Brands are increasingly trying to use digital media to connect with their consumers (or customers) in their day-to-day lives. And as previously covered in “Love you too” – improving your customer relationships, consumers do want a relationship with a brand. But marketers need to be cautious before throwing the social toolbox at their fans.
With so many ways to engage, fans generally opt towards passive participation. The simple act of following or liking a brand’s Facebook or Twitter feed requires virtually no effort – and no commitment. In fact this type of “relationship” is almost twice as likely than any other kind of interaction.
But there is definite caution when brands encourage audiences to share or spread information to their wider social group. There’s an “information edit” – where consumers decide what is and isn’t appropriate to share. Only a third have shared or retweeted a company’s social media post. And only 20% have ever shared a photo of a company tagged product, shared a purchase they’ve just made, or shared or retweeted a product. In fact a new study by IPG Mediabrands shows that 80% think people share too much online.
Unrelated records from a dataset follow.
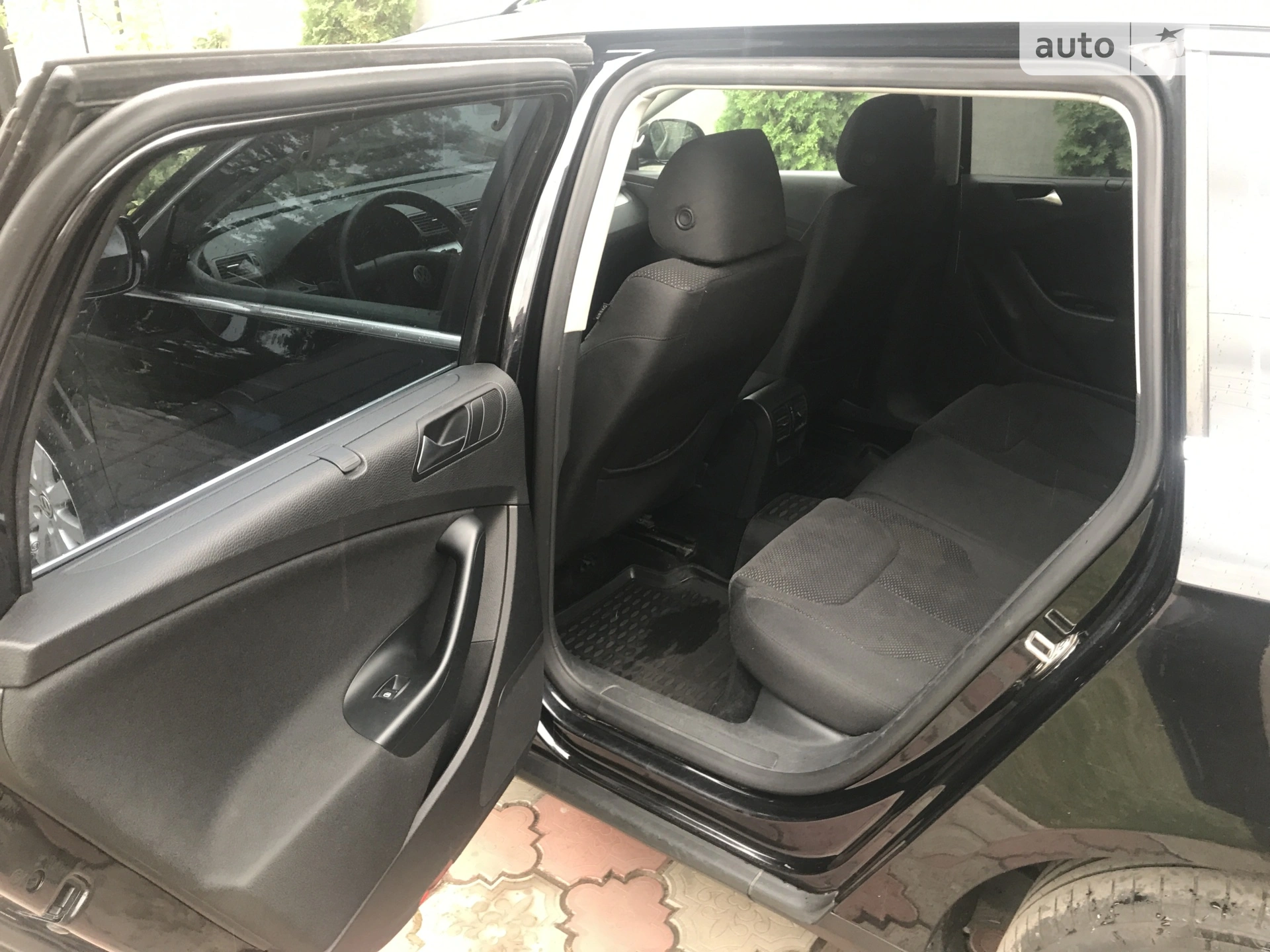2010 Volkswagen Passat - мініатюра 19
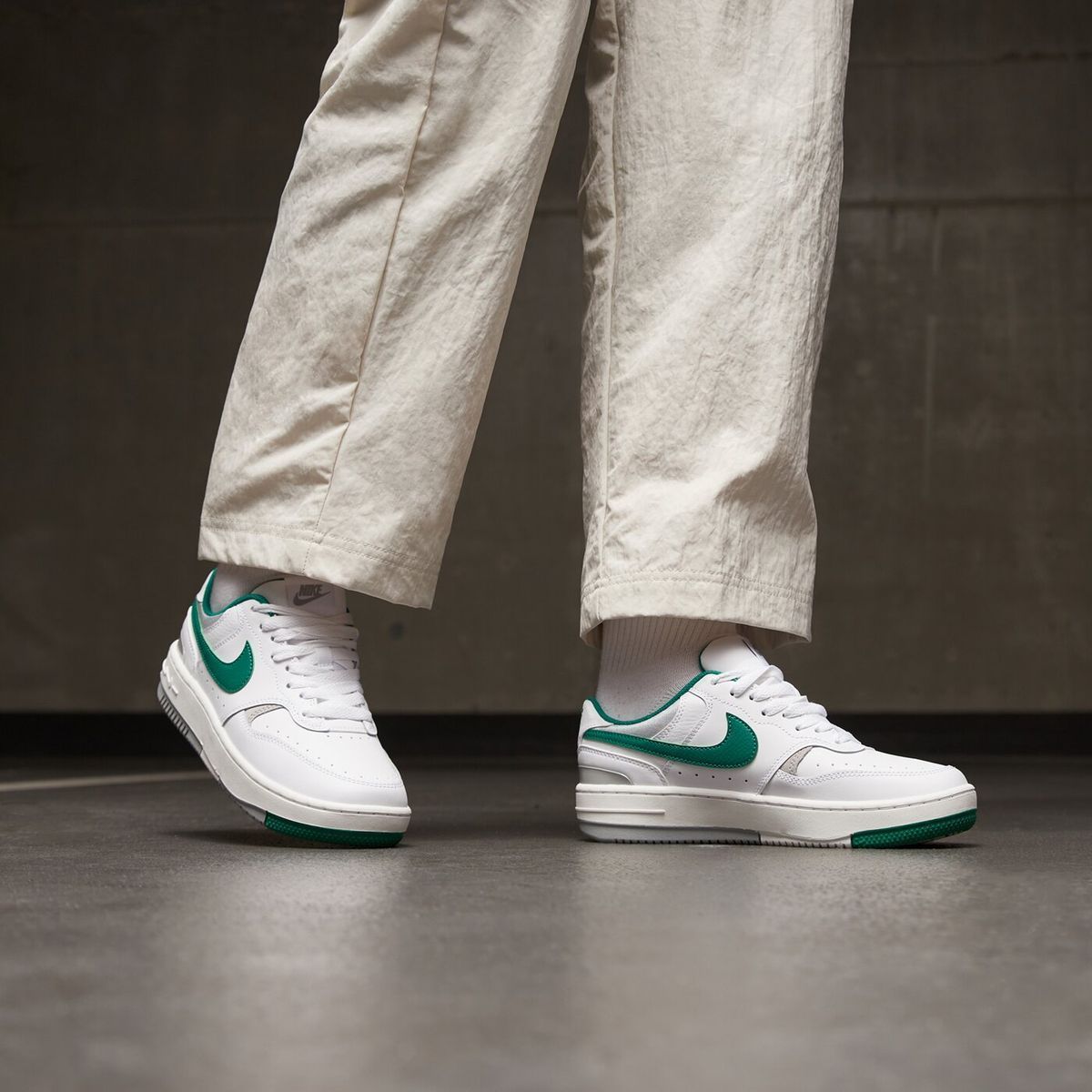 Кросівки жіночі Nike W Gamma Force White/Green DX9176-106, 37.5, В наявності, доставка 1-2 дні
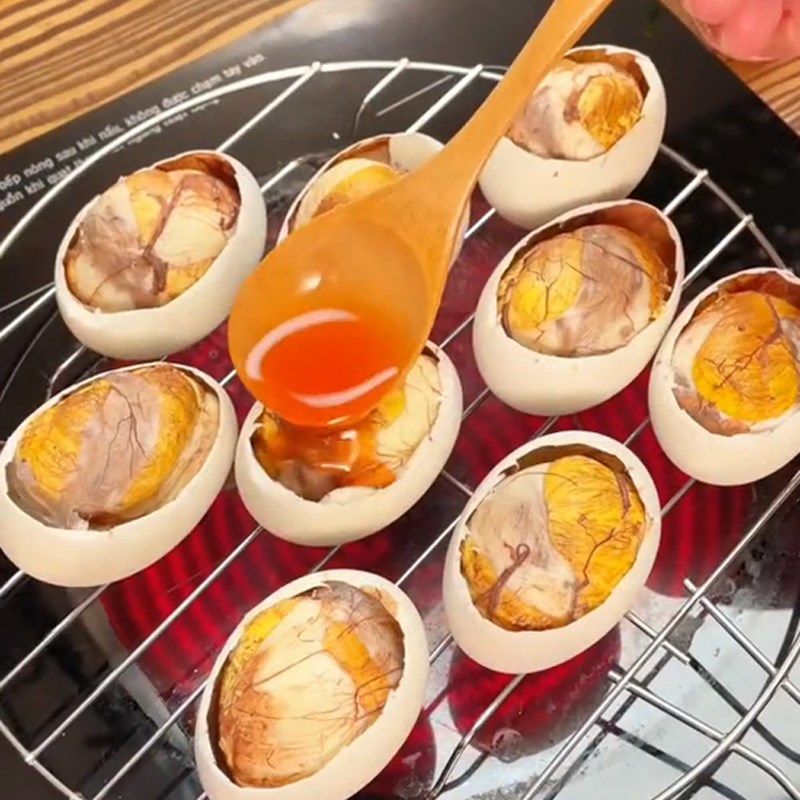 Bước 3 Làm hột vịt lộn nướng Hột vịt lộn nướng (Công thức được chia sẻ từ TikTok Cách Nấu Ngon cùng Cách Nấu Ngon)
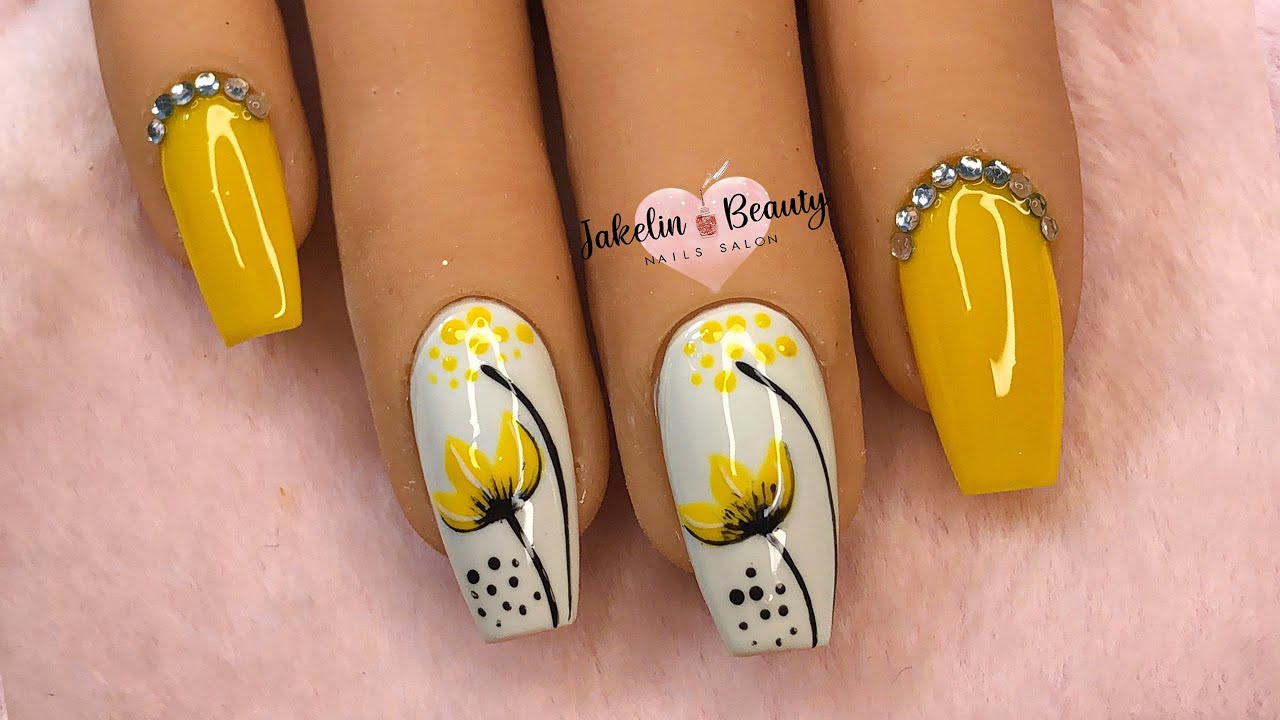 DECORACIÓN PARA UÑAS EN COLOR AMARILLO 💅🥰
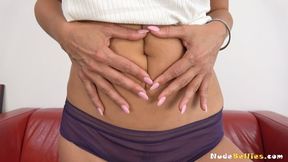 Veronica Vanoza – Deep Navel Fingering & Belly Worship Tease (HD resolution)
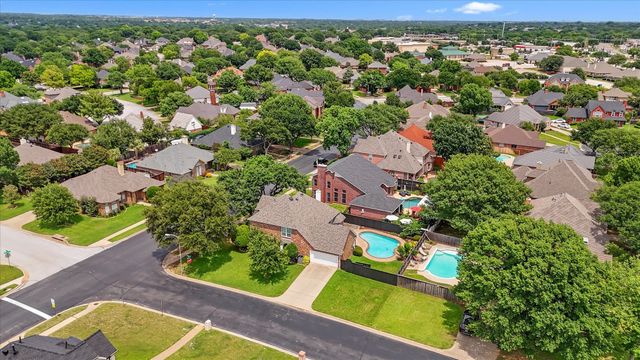 525 Springhill Drive, Hurst, TX 76054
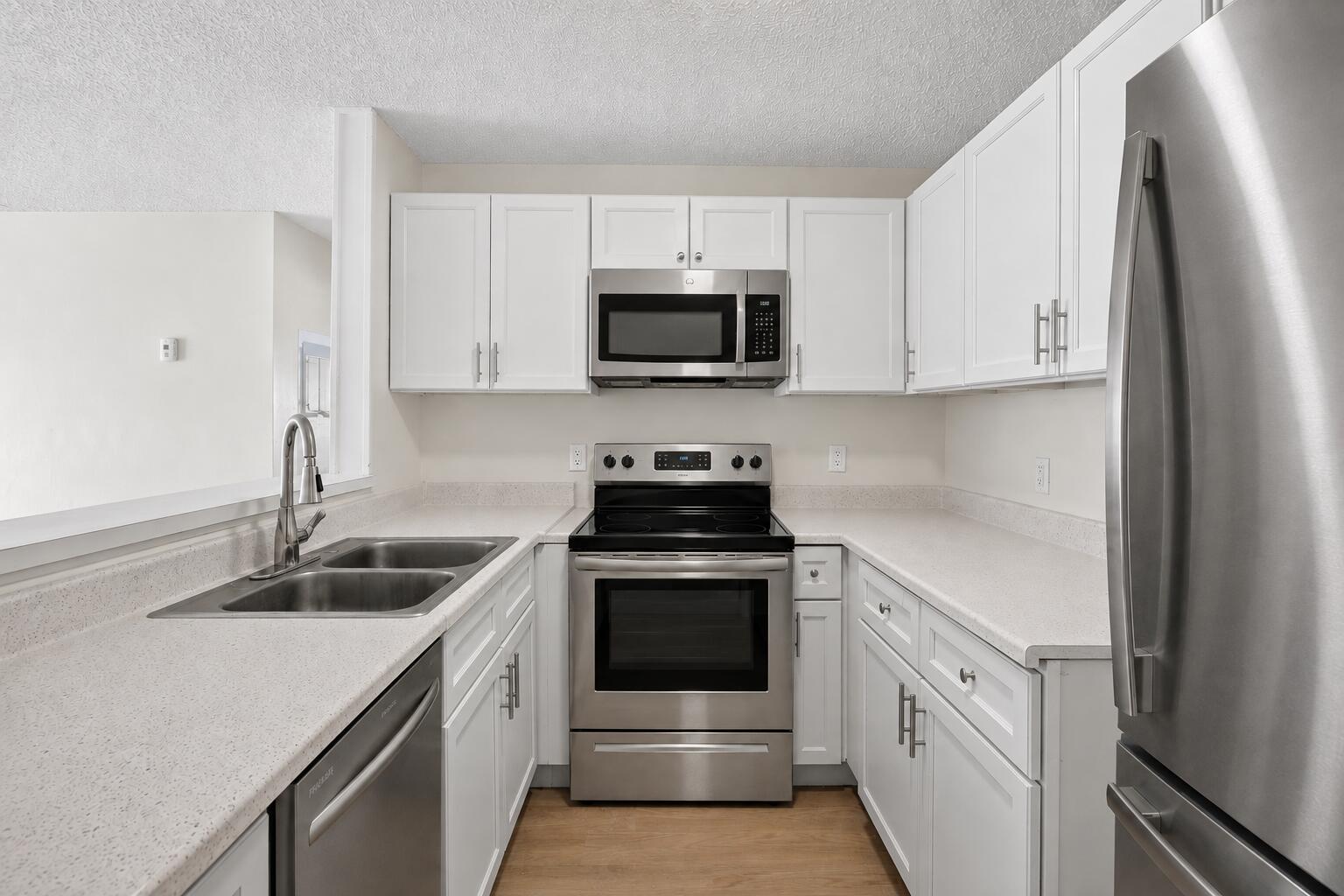 Foto de propiedad en 4931 NW 94th Terrace 17A, Sunrise, FL 33351 Sunrise con MLS# 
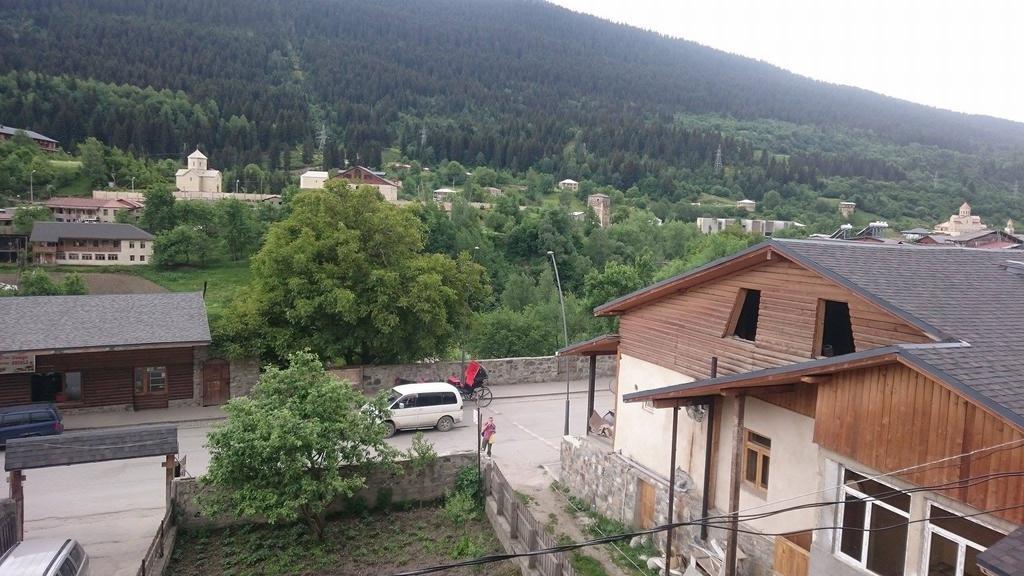 N&N Guest House Mestia Exterior photo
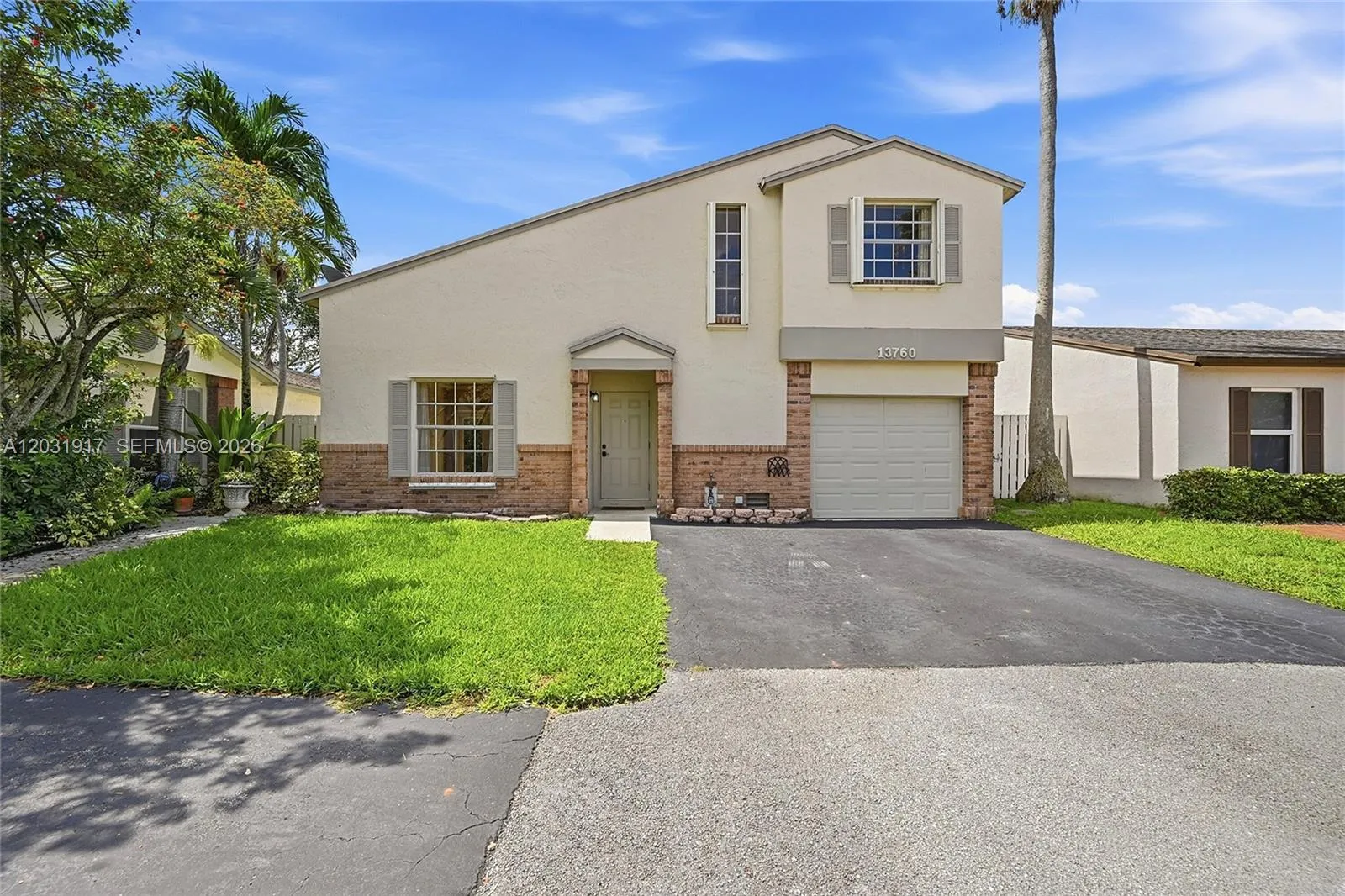 Foto de propiedad en 13760 Cumberland Place, Davie, FL 33325 Davie con MLS# 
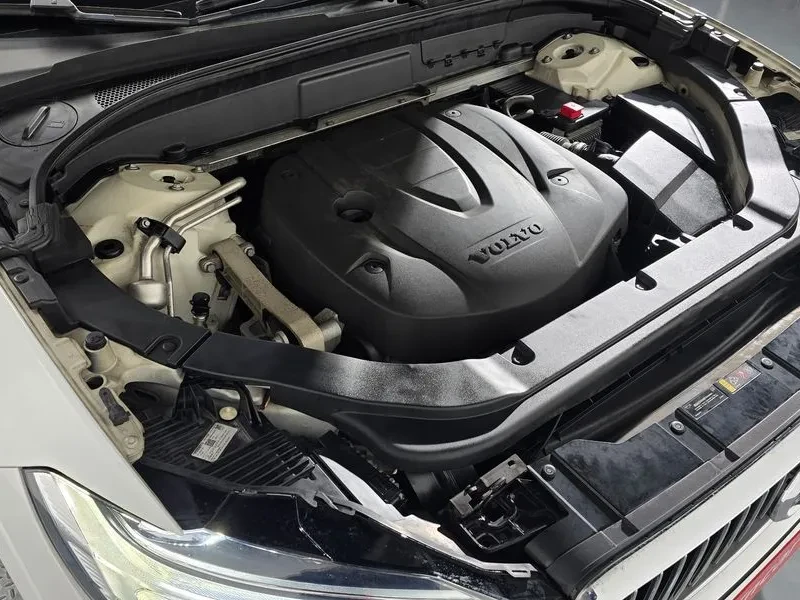 Volvo XC60 D4 - САМО 30% АВАНС, снимка 6 - Автомобили и джипове - 55927651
The IPG Mediabrands study also reveals a fascinating extra dimension. When it comes to personal data, we’re hugely cautious, even beyond the obvious. Maybe it’s the impact of the credit crunch, mobile hacking scandals, and data breach stories that have hit the headlines. But we don’t trust much info to many people. For example, the person most trusted with personal data is, unsurprisingly, the GP. But even the GP is only trusted by 55% of adults in the UK. Supermarkets, online stores and loyalty operators are all trusted by less than 20%. At the other end of the spectrum, Twitter is trusted by just 2%. And only 1% of consumers trust advertisers to look after their data.
So there’s a massive trust gap to factor in to any marketing plan.
Despite all the concerns, 27% would be prepared sell their data for hard cash. Of those, 55% think their data is worth more than £300 per annum. So there is an element of value exchange – if the price is right.
Critically, loyalty schemes remain valued as a reward for participation if well-structured and respect audience’s “message intrusion” boundaries. And they must offer value of course – whether it be free or discounted product, or redeemable points. But it’s not just about the money. Adding value, saving time, improving health or well-being are also valued by consumers.
But in terms of oft-used loyalty techniques for sharing or spreading info driven by brands, the caution cannot be overlooked. Or put another way, relatively few of a brand’s fans have been rewarded for their efforts – as for many the reward-for-sharing mechanism just doesn’t appeal.
It’s probably not exactly what you’d expect – email and home addresses are the info that is most shareable – but recent purchases and loyalty card details are shared less than a date of birth or a mobile number. Around 20% won’t share anything online at all. Ever.
Source: IPG Mediabrands
Overall it’s a complex issue and a strange dichotomy. More than anything, it highlights people’s desire to maintain a private life vs. their need to feel part of the herd. But it’s also clear that brands have to earn the trust of their customers to even get to even get close to holding hands with their data.